Pictures with short captions:
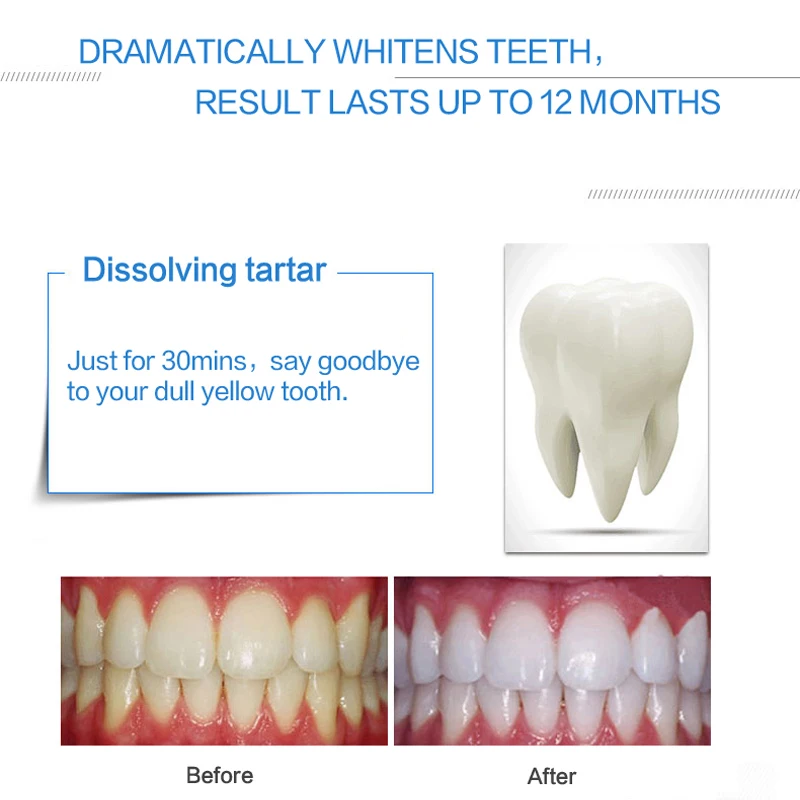 tooth whitening kit (7)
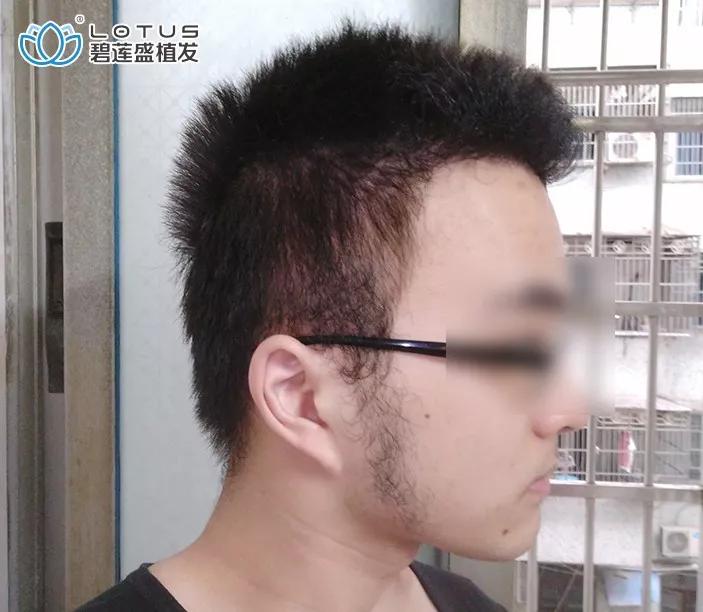 发际线后移额角大头发稀疏怎么办,额角发际线还能恢复吗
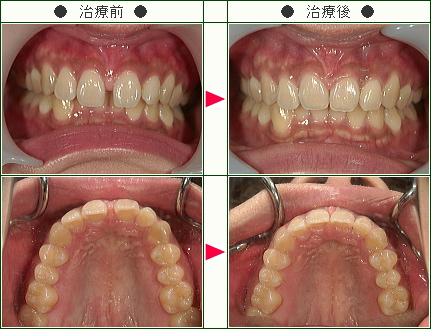 前歯のすきっ歯矯正症例(Ｒ．Ｏ様　２５歳　女性)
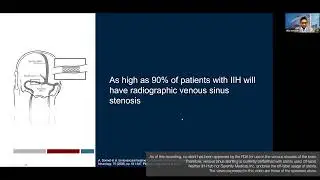 Up to 90% of IIH patients will have radiographic venous sinus stenosis. - Visish Srinivasan, MD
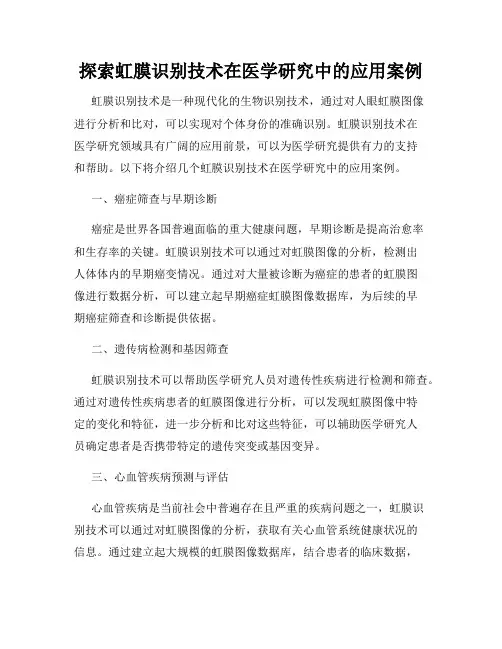 探索虹膜识别技术在医学研究中的应用案例
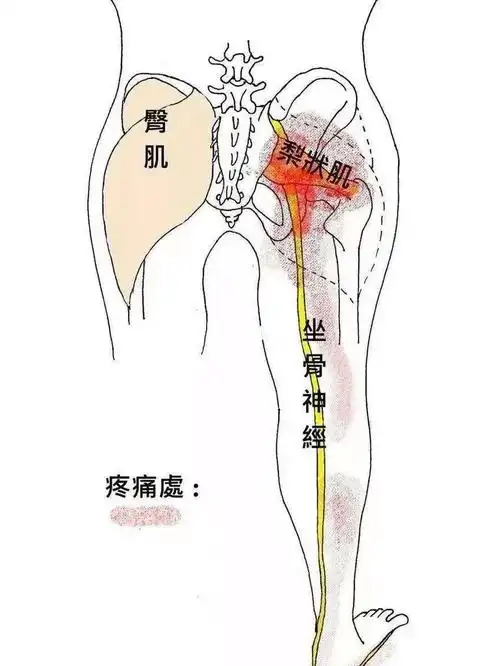 孕期的你坐骨神经痛真正的原因是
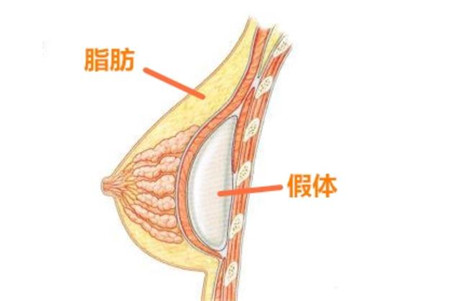 假体隆胸的材料有哪些?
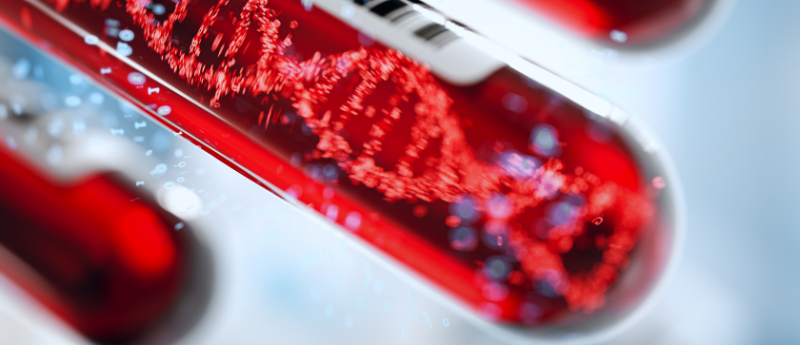 Could a liquid biopsy detect pancreatic cancer at its earliest stages?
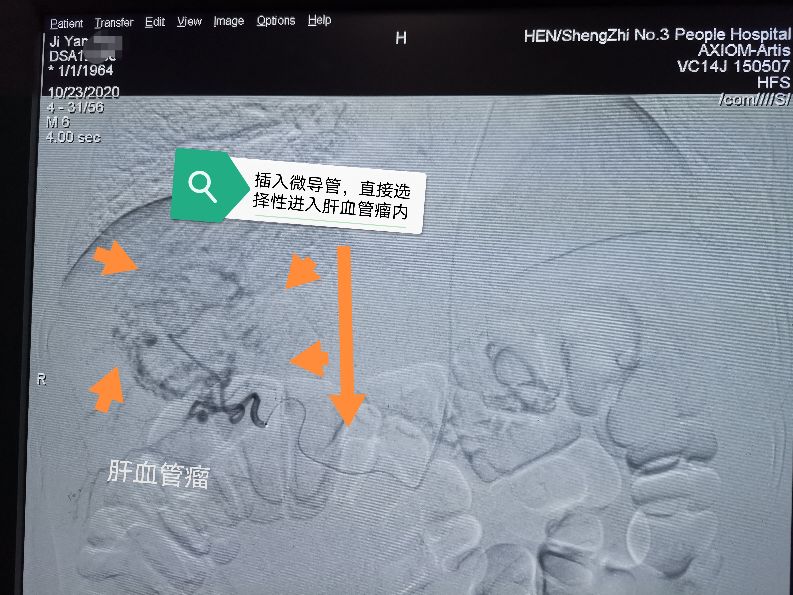 肝血管瘤10公分了介入治疗可以吗,介入治疗肝血管瘤是最好的方案吗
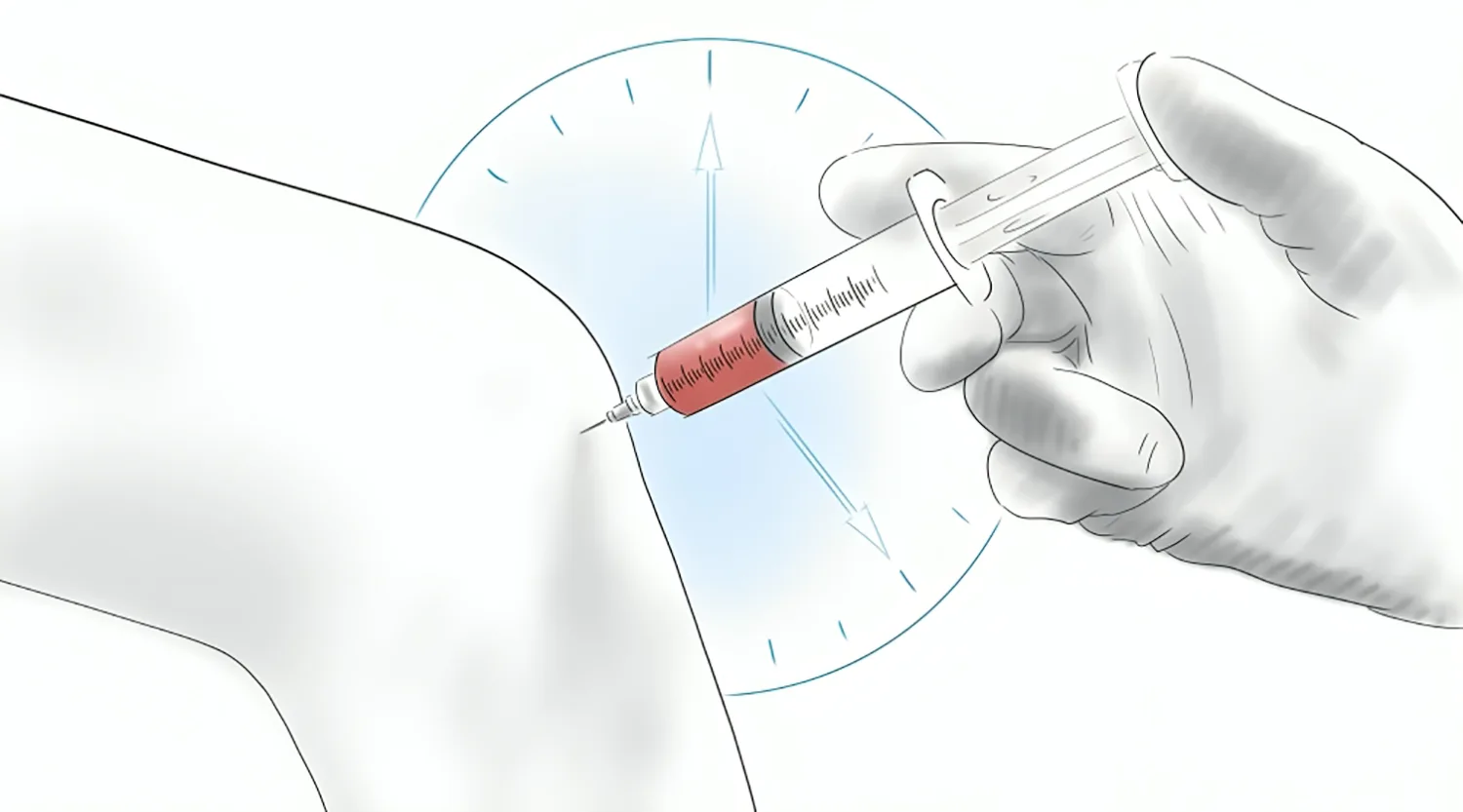 تزریق پلاسما در زانو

**Exercise:** Set down every entry above exactly as written, but skip the pictures.

**Output below:**
 tooth whitening kit (7)
 发际线后移额角大头发稀疏怎么办,额角发际线还能恢复吗
 前歯のすきっ歯矯正症例(Ｒ．Ｏ様　２５歳　女性)
 Up to 90% of IIH patients will have radiographic venous sinus stenosis. - Visish Srinivasan, MD
 探索虹膜识别技术在医学研究中的应用案例
 孕期的你坐骨神经痛真正的原因是
 假体隆胸的材料有哪些?
 Could a liquid biopsy detect pancreatic cancer at its earliest stages?
 肝血管瘤10公分了介入治疗可以吗,介入治疗肝血管瘤是最好的方案吗
 تزریق پلاسما در زانو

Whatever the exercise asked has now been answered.